Since falling ill, and reading Dr Gabor Mate's work, I've been fascinated by how trauma creates dis-ease. I now firmly believe that most biohackers and carnivores and vegans and people with eating disorders need to resolve their hidden traumas — the traumas that led them to over or under eating in the first place — instead of using dieting and Instagram as a bandaid.

What we need is self-love: to gently dust the mind and reveal all the hidden truths.

Self-compassion is the precursor for a lovely life.

Again, I must restate: if you've healed through a carnivore diet (or any diet for that matter), I'm beyond happy for you. And to be part of a community of carnivores makes me feel so good and not alone and part of something bigger.

I just think in the grand scheme of things, life is more important — this moment with your kids, reading a book, going for a run, looking your partner in the eyes and experiencing joy — than the superficial, never-ending game of Instagram and social media.

Writing this blog post got me thinking…

My Social Media Sabbatical 2021

Last year during the infant stages of lockdown in South Africa, I went cold turkey off social media. Suffice to say: it was enlightening. The extra 3-4 hours that I would have spent mindlessly devouring shitty memes on Instagram was transferred to becoming a more rounded creative.

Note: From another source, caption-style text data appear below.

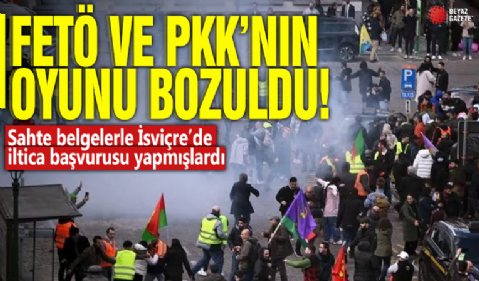 Sahte belgelerle İsviçre’de iltica başvurusu yapmışlardı: FETÖ ve PKK’nın oyunu bozuldu!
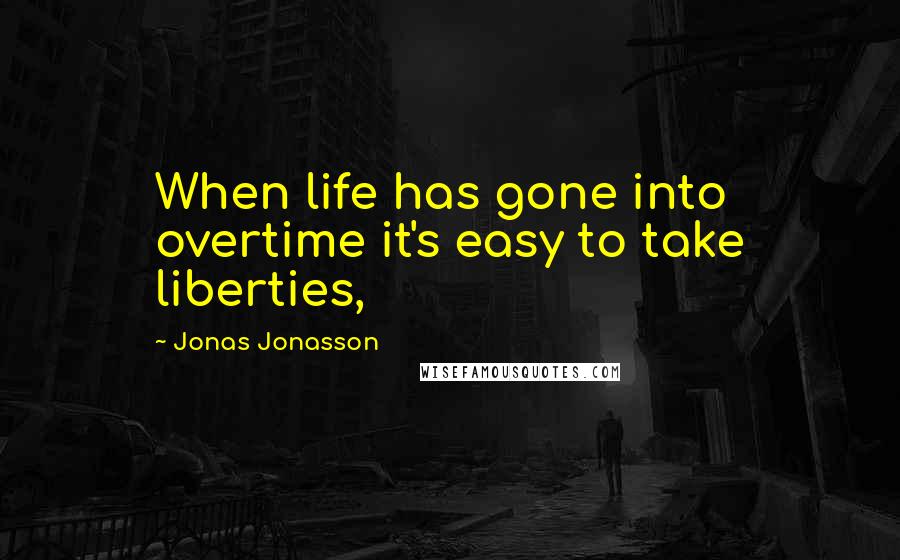 Jonas Jonasson Quotes: When life has gone into overtime it's easy to take liberties,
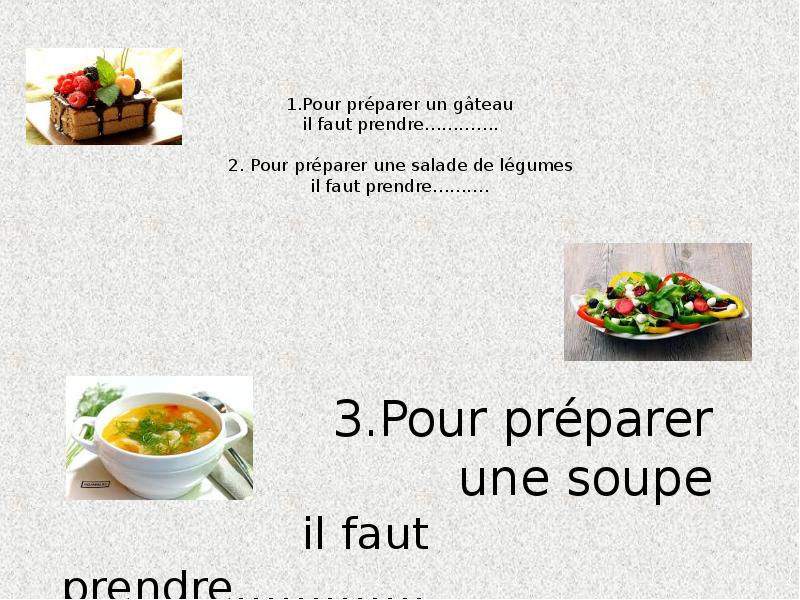 1.Pour préparer un gâteau il faut prendre…………. 2. Pour préparer 1.Pour préparer un gâteau il faut prendre…………. 2. Pour préparer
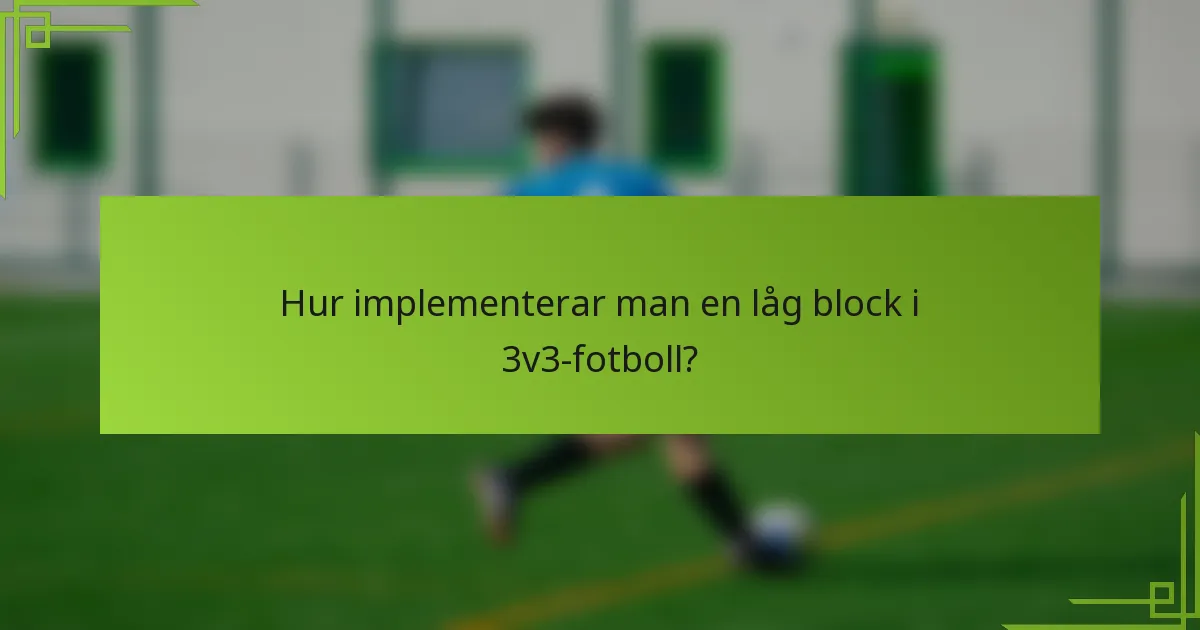 Hur implementerar man en låg block i 3v3-fotboll?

In the spur of the moment, a lightning bolt hit this tip of my penis (a Stepbrothers quote for those wondering) prior to publishing this: I reminisced how good I felt being away from it all.

I felt free. Taking a break from social media is the modern equivalent of an artist going into the woods to connect with herself. It’s a reformation of the once bonded connection with a higher self that slipped through the cracks of doggy filters and mindless polls asking which pizza would win in a fight.